Abstract

The use of Phase Change Materials (PCMs) in the evaporator of conventional refrigerators/freezers has demonstrated multiple benefits in energy efficiency and food preservation quality in the last decades. However, their implementation in convective freezers, with inlet/outlet airflows, has not been analyzed using accurate solid-fluid numerical models under different scenarios and processes. In this work, we study the effect that PCMs have on the energy and thermal performance of a domestic convective freezer-cabinet and a salmon-fillet at its center through numerical simulations.

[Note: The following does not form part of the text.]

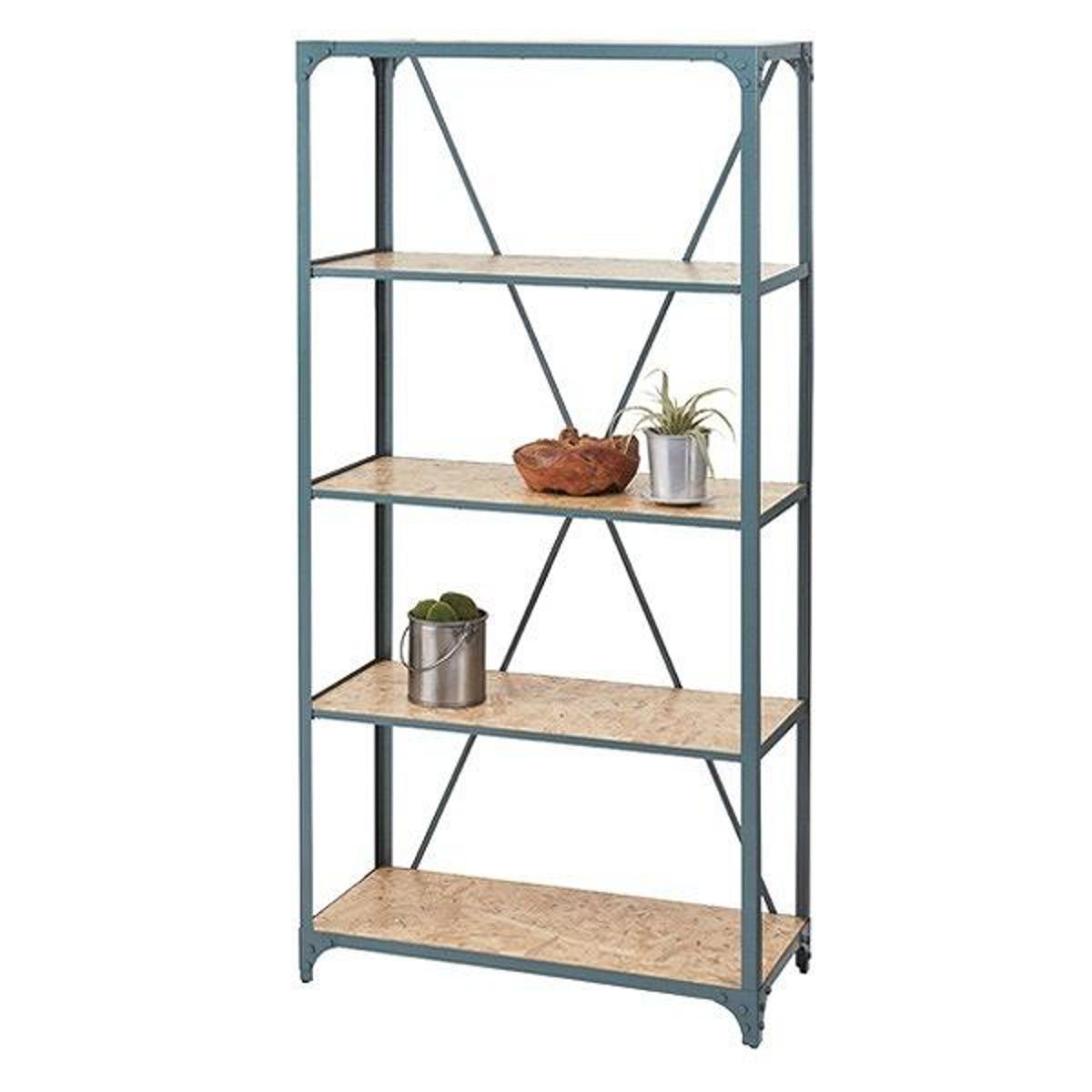 東谷 オープンラック 幅91cm 4段 スチールフレーム ヴィンテージ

The influence of two different PCM-plates internally attached to the freezer walls, 19.5 wt% NH4CL (PCM-1) and PlusIce E-10 (PCM-2), on the food's heat transfer and the energy efficiency is investigated under different scenarios during the charging, discharging, and normal operation processes. A conjugated solid-fluid model describes the convective, diffusive, and radiative heat transfer in the air and the solid elements; incorporating the k-omega SST turbulent model, the net radiative method, and the specific heat and liquid fraction phase change models. The set of equations is solved by the Finite Volume Method in an in-house code. The results indicate that the energy efficiency improved by 11.4 % with PCM-2 and by 6.2 % with PCM-1 during the normal operation process, in relation to the scenarios without PCM; the PCM-2 performed better due to its lower temperature range of phase change, which allowed to take full advantage of latent heat. In the scenario without food, the PCM-2 demonstrated to mitigate the reduction of energy efficiency from 11.5 % to 4.5 % by the addition of the thermal load. Furthermore, by increasing the inlet airflow velocity from 0.05 ms-1 to 1.2 ms-1, the energy efficiency increased by 8.2 %, but the food and PCM-plates fluctuated in a lower temperature range.